On the Wings of My Dreams

We climb off the bus to be greeted by the gigantic red “Wrigley Field: Home of the Chicago Cubs” sign.  My wife is strangely unwilling to grab my arm in a companionable wrist clasp before excitedly running toward the entrance a la the opening credits of “Perfect Strangers.”  I’m not wearing short pants anyway.

Rise and Fall

We walk along the banks of Lake Michican and see two heavyset black police officers buying ice cream sandwiches from an ice cream vendor.  I am a racist.  How do I know that I am a racist?  Because I cannot see these men without thinking, “Hey, it’s Carl Winslow and his buddy, Carl Winslow!”

On the Wings of My Dreams

Standing in front of Seurat’s Sunday Afternoon on the Island of La Grande Jatte are three of the ugliest children I have ever seen but who nevertheless are working to become less unattractive via the appreciation of late-19th century impressionism.  Their father is a heavyset white man with a bushy mustache.  I cannot see him without thinking of George Wendt as the host of “Bill Swersky’s Superfans.”  I am a racist, but I am that kind of racist that is prejudiced toward all races equally.

No Matter What the Odds Are This Time, Nothing’s Gonna Stand in My Way

I am draped in business casual and learning how to take depositions.  Mr.

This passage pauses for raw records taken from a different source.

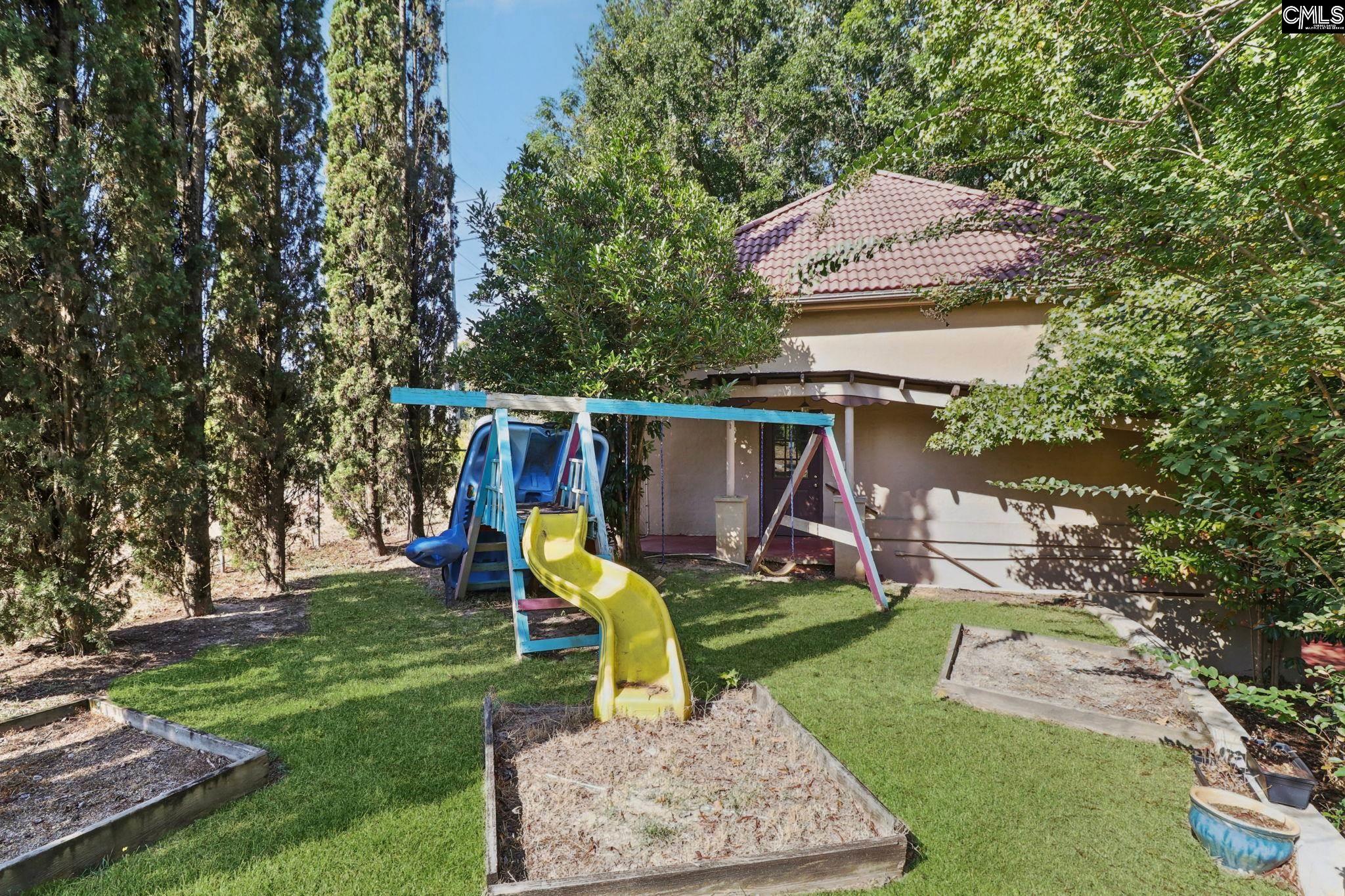 203 Holly Ridge Lane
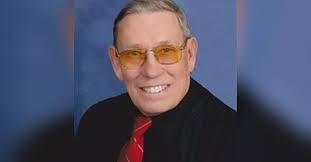 Hubert 'Hubie' Wayne Vickers Obituary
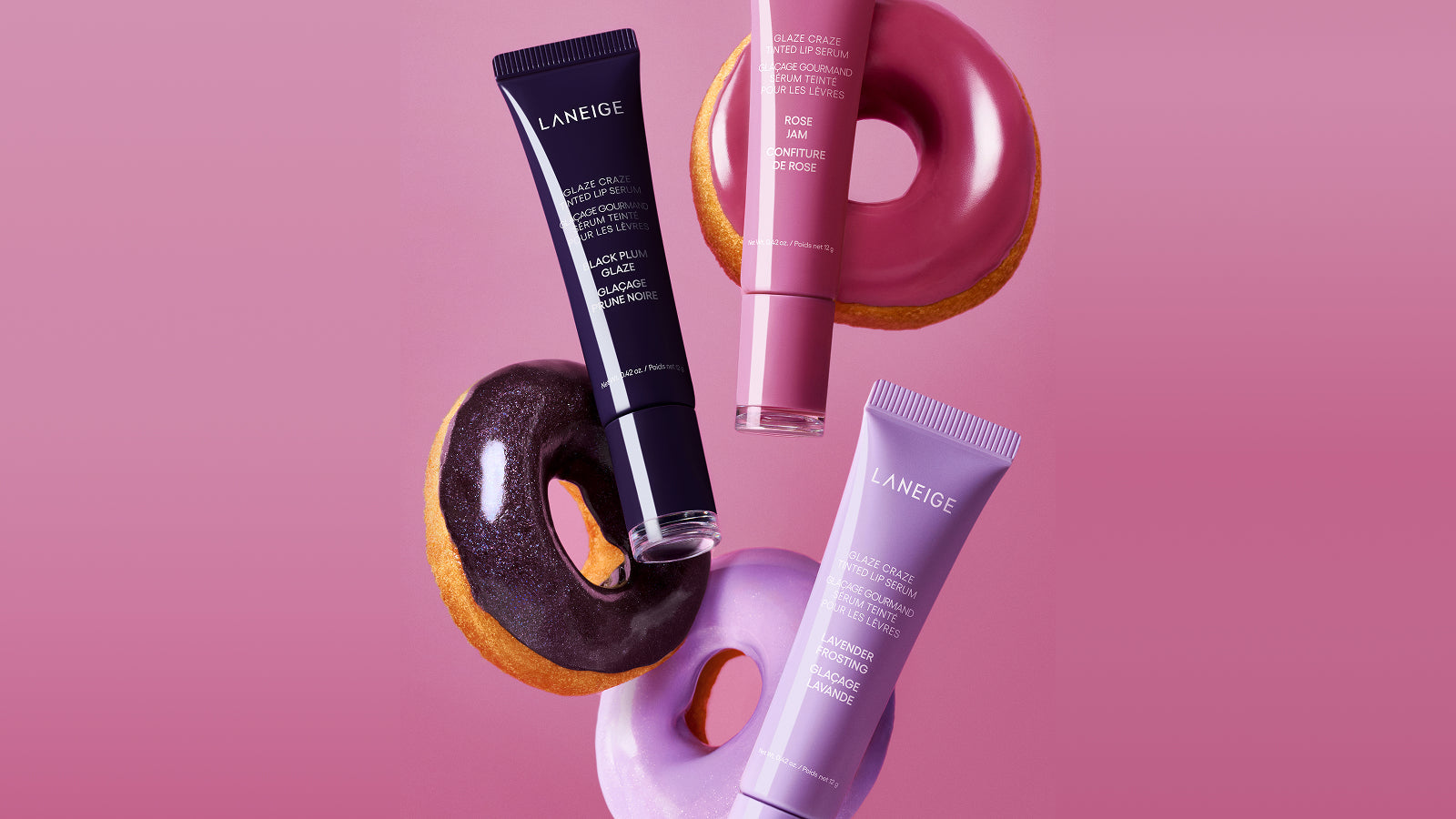 Glaze Craze: Cool-Toned Shades for Your Spring Lip Capsule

Gorpley is nowhere in sight, and I remember that Kanye West’s “Homecoming” is also about Chicago.  Perhaps I have erred to the detriment of a more current, more culturally-relevant method of interpreting this trip.

Keep Makin’ Keep Makin’ That Platinum and Gold for Me

Nope.

This Flame in My Heart and a Long-Lost Friend Give Every Dark Street a Light in the End

Heading out to a local bar to drink holds no sway for me, so instead I will aimlessly wander the streets of downtown Chicago.  Unexpectedly in the rational sense but perhaps unavoidably in the karmic sense, the theme song to “Perfect Strangers” pops up on my shuffle.  Tragically, I can remember no more shots from the opening credits of “Perfect Strangers” except for that one where Balki pets the horse and then looks optimistically into the distance just off-center of camera, the emulation of which unfortunately holds almost as little sway for me as does the drinking thing, and besides, my wife has already left for home and so no one is there to appreciate it.  While I have no problem looking like a raving loon in public as long as someone is there to appreciate it, the relatively minor subtraction of a single person drops my “Willingness-to-Look-Like-a-Raving-Loon-in-Public-o-Meter” from 100% to zero, an equation which defies mathematics but fortunately has kept me out of the nuthouse thus far.  Undaunted, I hit the repeat button on my shuffle and relisten to the theme song from “Perfect Strangers” six more times.       

Sometimes the World Looks Perfect

Absolutely no part of that entry was a joke.